Task to complete.
With the images removed, repeat the data below exactly.

------

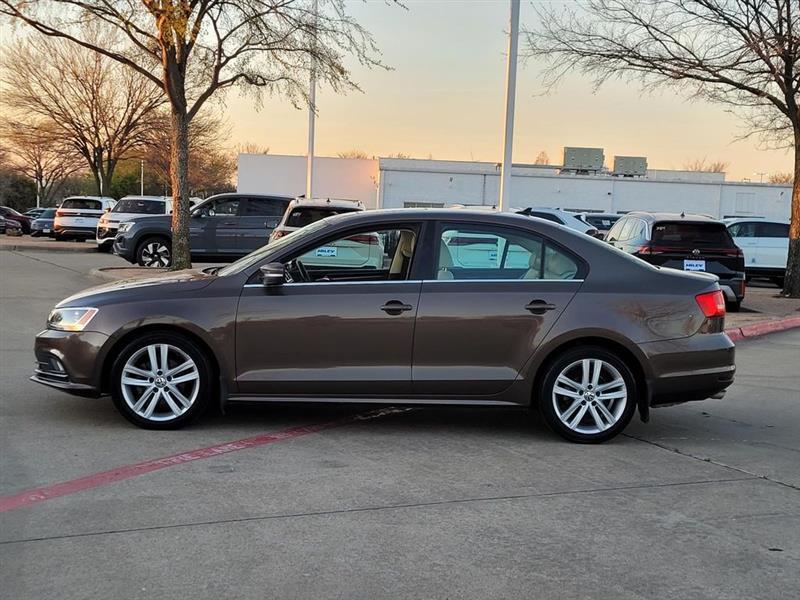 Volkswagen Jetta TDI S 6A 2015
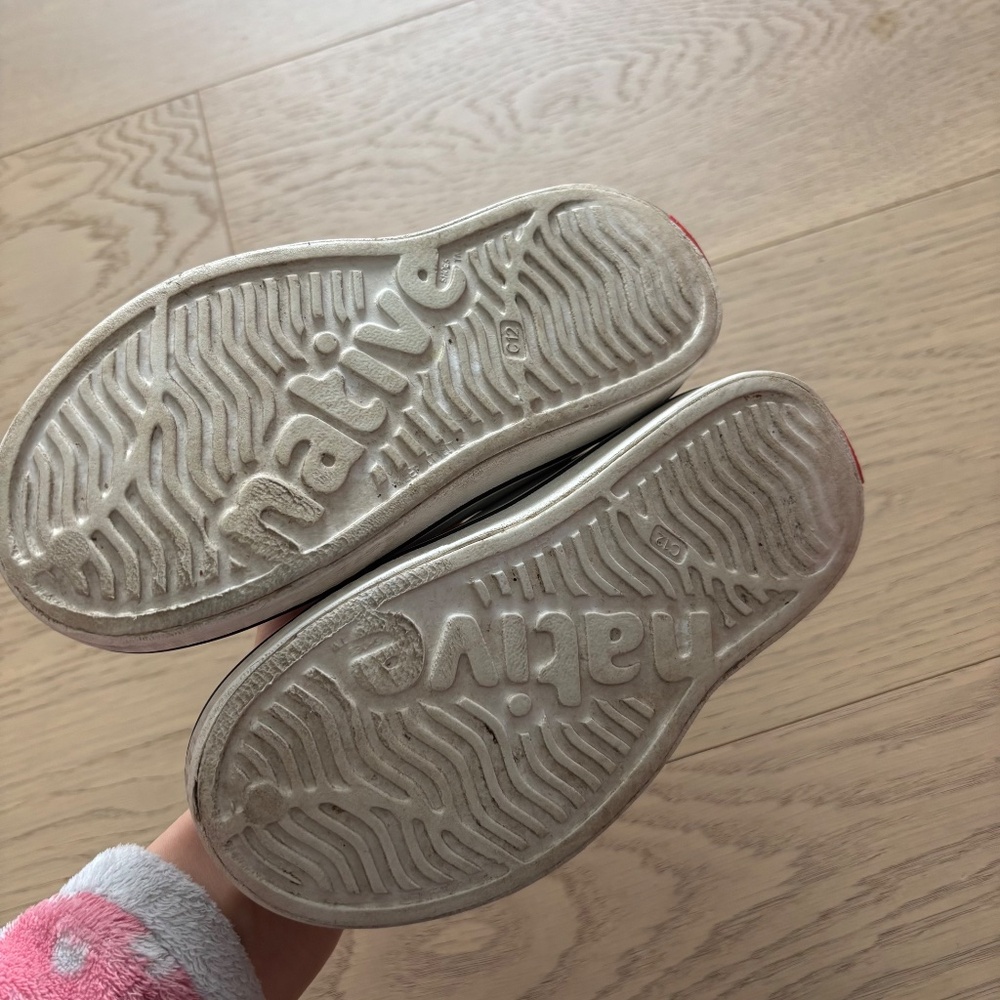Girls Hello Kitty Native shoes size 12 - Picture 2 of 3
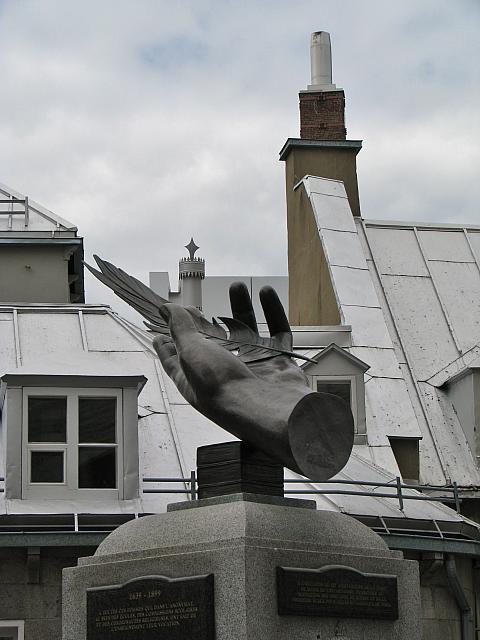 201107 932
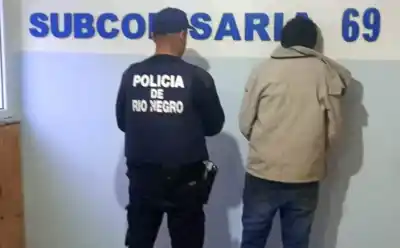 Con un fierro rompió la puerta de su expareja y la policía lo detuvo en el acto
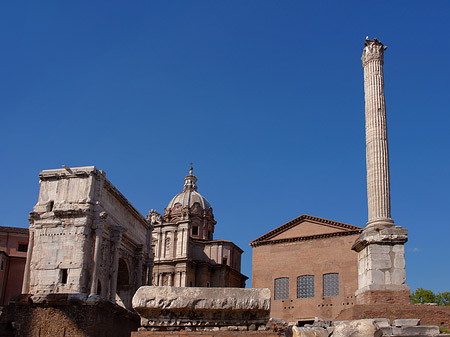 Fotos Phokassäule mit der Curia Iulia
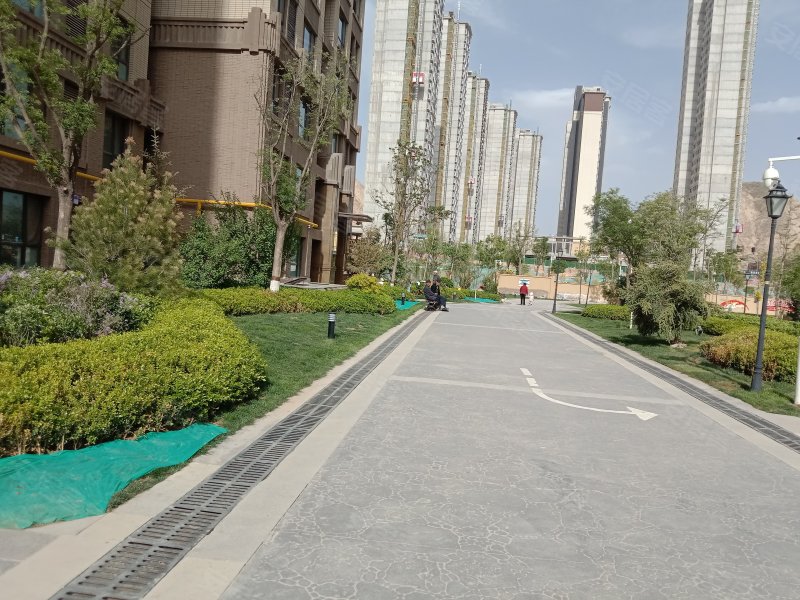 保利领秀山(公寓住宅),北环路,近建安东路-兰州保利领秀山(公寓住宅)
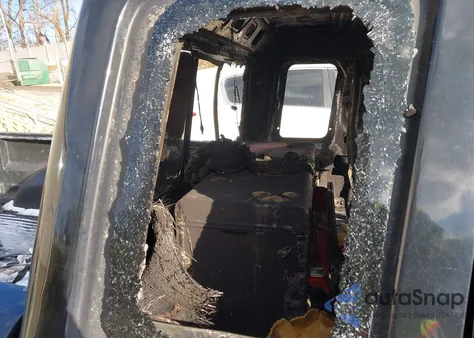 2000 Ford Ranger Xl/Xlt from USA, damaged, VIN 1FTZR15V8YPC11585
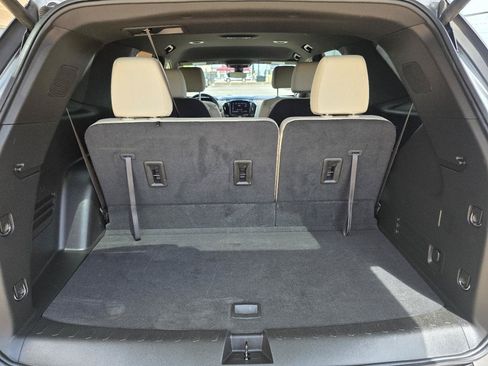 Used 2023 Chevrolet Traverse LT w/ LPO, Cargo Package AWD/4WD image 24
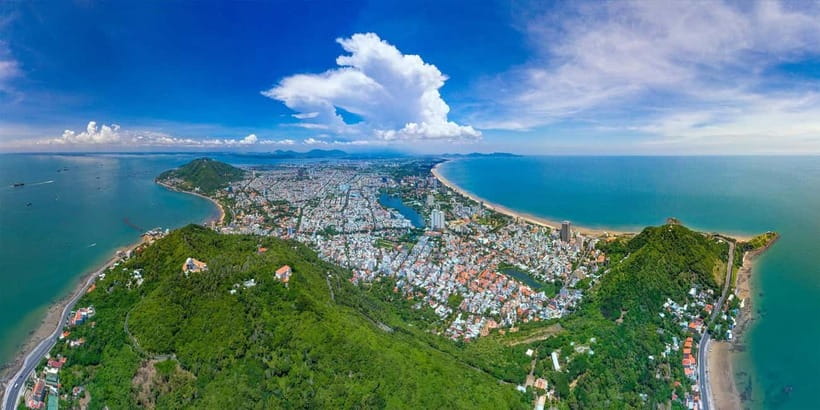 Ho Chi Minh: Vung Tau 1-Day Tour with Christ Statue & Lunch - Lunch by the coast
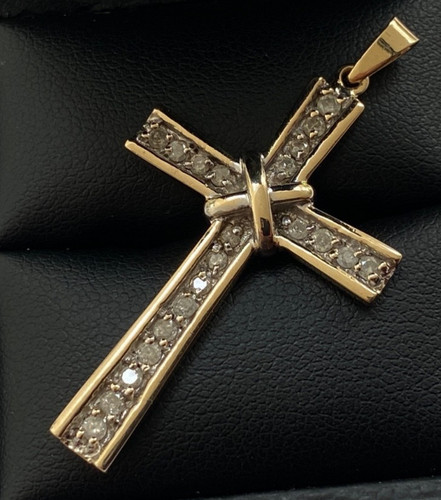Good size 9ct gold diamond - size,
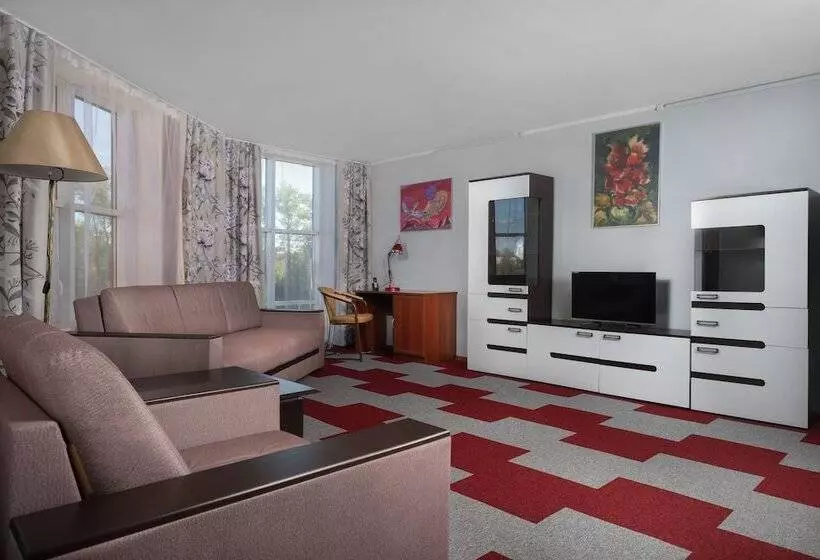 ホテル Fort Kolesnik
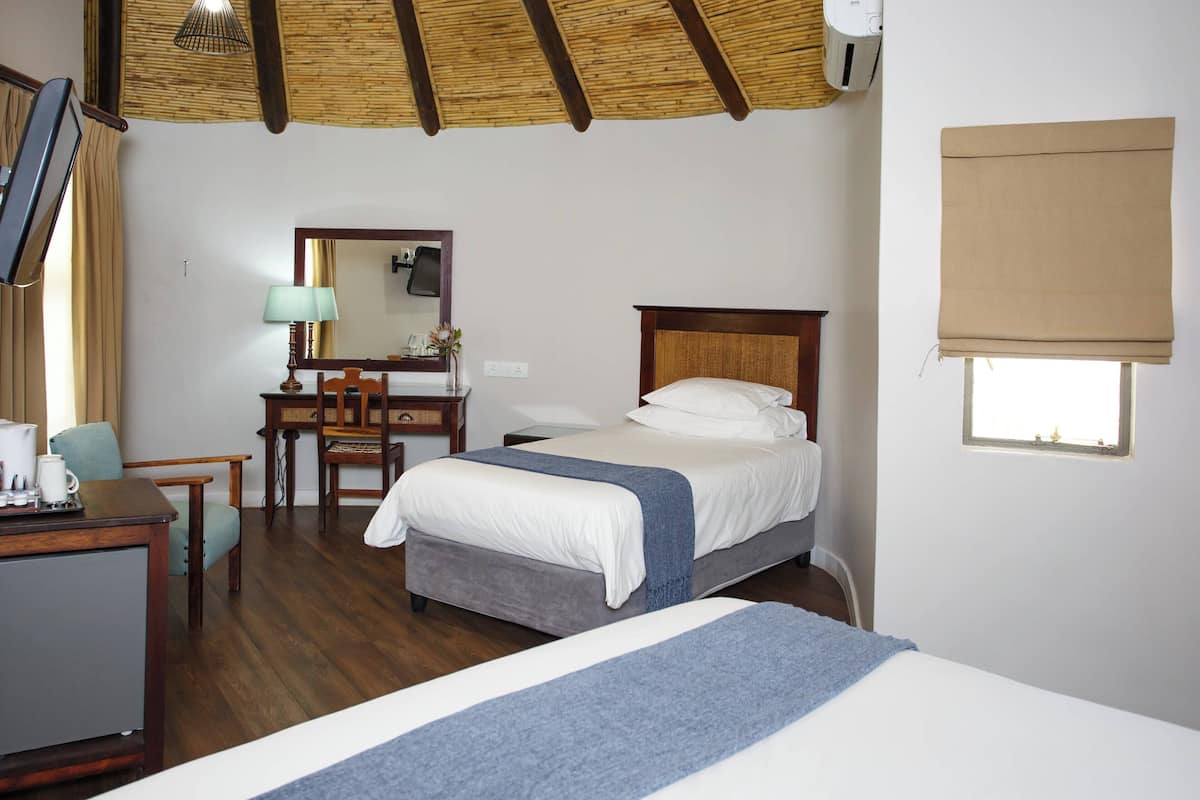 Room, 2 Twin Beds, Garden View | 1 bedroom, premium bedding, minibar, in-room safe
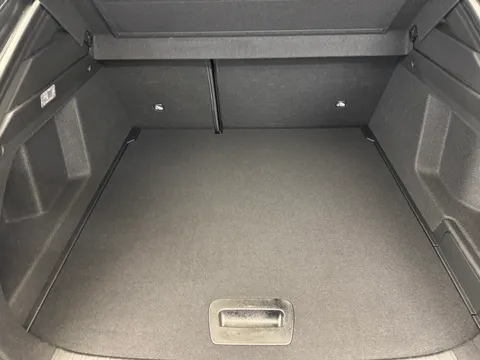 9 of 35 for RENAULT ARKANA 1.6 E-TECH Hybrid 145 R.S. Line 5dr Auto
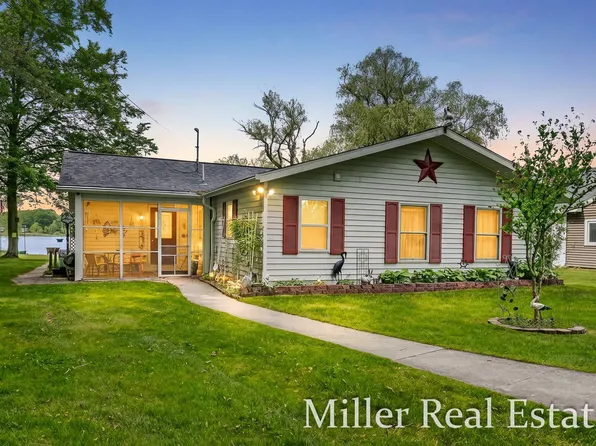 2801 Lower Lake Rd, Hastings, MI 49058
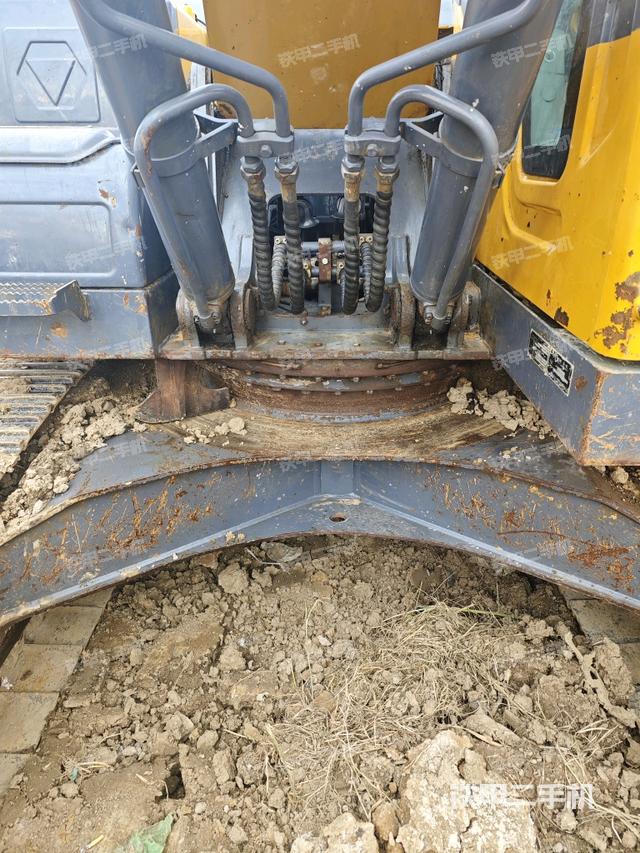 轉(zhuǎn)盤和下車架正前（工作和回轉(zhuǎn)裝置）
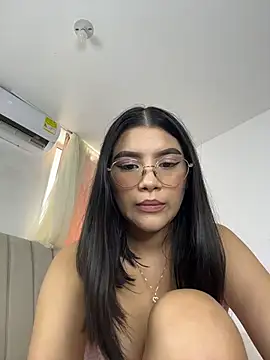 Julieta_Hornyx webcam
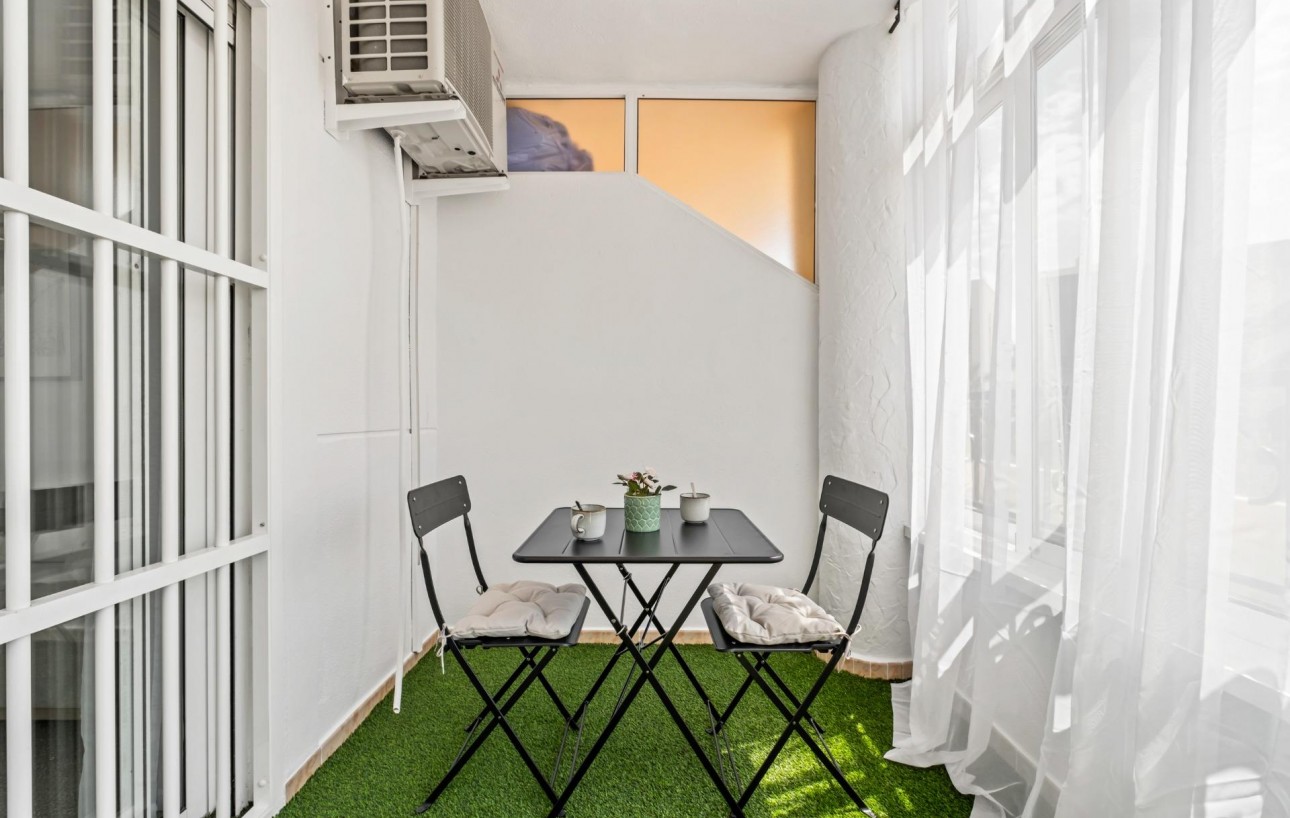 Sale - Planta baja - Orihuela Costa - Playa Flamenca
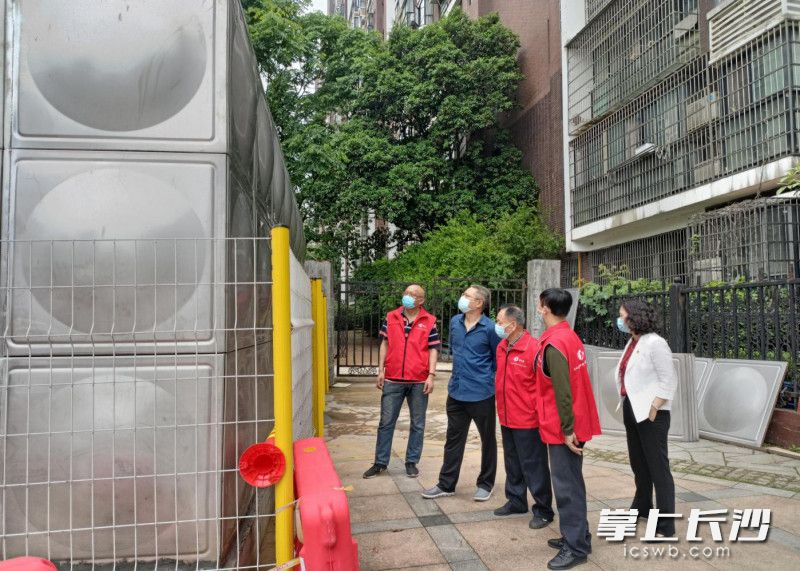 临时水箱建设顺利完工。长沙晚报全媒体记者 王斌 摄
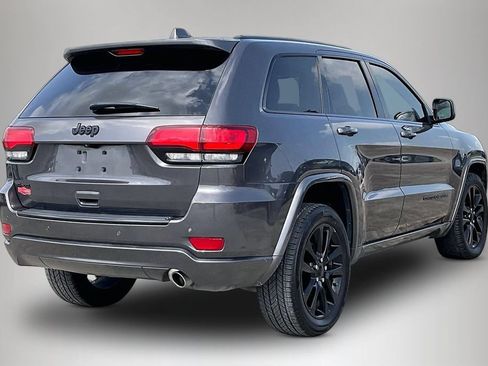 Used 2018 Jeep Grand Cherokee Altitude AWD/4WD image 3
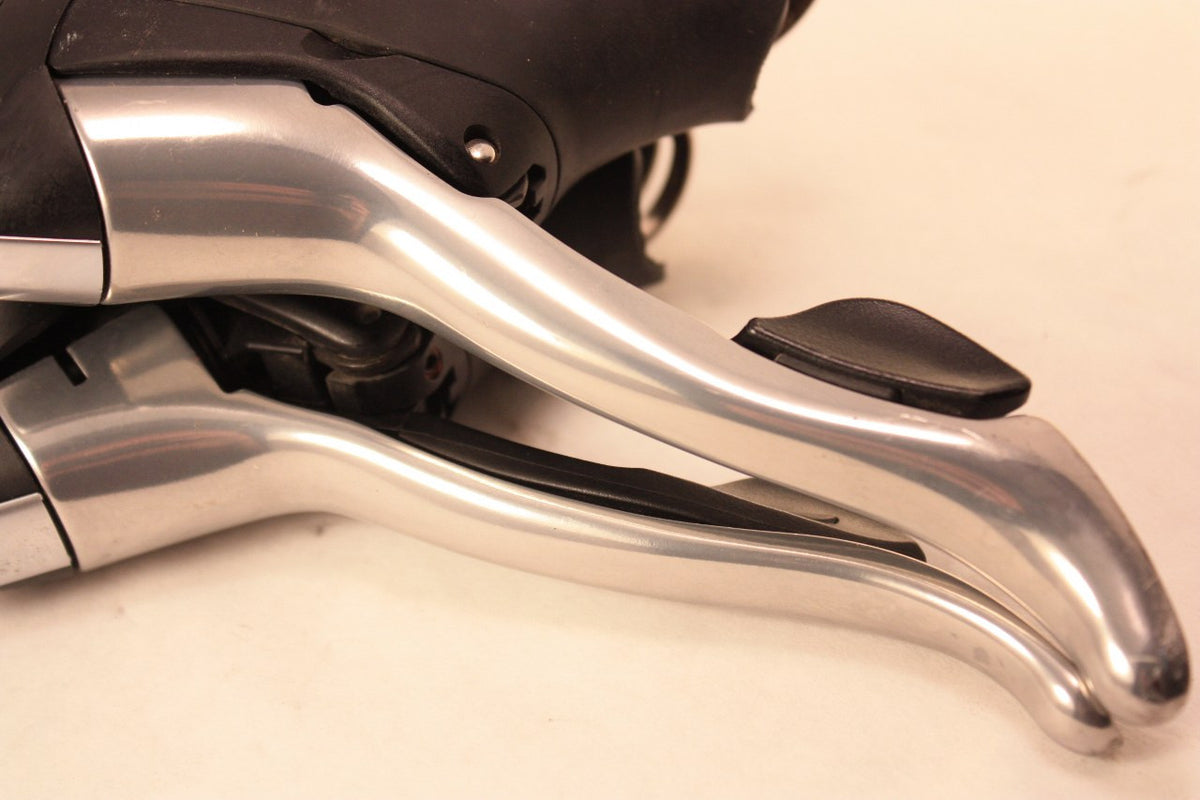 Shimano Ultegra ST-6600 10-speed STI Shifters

------

Answer section.
 Volkswagen Jetta TDI S 6A 2015
Girls Hello Kitty Native shoes size 12 - Picture 2 of 3
 201107 932
 Con un fierro rompió la puerta de su expareja y la policía lo detuvo en el acto
 Fotos Phokassäule mit der Curia Iulia
 保利领秀山(公寓住宅),北环路,近建安东路-兰州保利领秀山(公寓住宅)
 2000 Ford Ranger Xl/Xlt from USA, damaged, VIN 1FTZR15V8YPC11585
 Used 2023 Chevrolet Traverse LT w/ LPO, Cargo Package AWD/4WD image 24
 Ho Chi Minh: Vung Tau 1-Day Tour with Christ Statue & Lunch - Lunch by the coast
Good size 9ct gold diamond - size,
 ホテル Fort Kolesnik
 Room, 2 Twin Beds, Garden View | 1 bedroom, premium bedding, minibar, in-room safe
 9 of 35 for RENAULT ARKANA 1.6 E-TECH Hybrid 145 R.S. Line 5dr Auto
 2801 Lower Lake Rd, Hastings, MI 49058
 轉(zhuǎn)盤和下車架正前（工作和回轉(zhuǎn)裝置）
 Julieta_Hornyx webcam
 Sale - Planta baja - Orihuela Costa - Playa Flamenca
 临时水箱建设顺利完工。长沙晚报全媒体记者 王斌 摄
 Used 2018 Jeep Grand Cherokee Altitude AWD/4WD image 3
 Shimano Ultegra ST-6600 10-speed STI Shifters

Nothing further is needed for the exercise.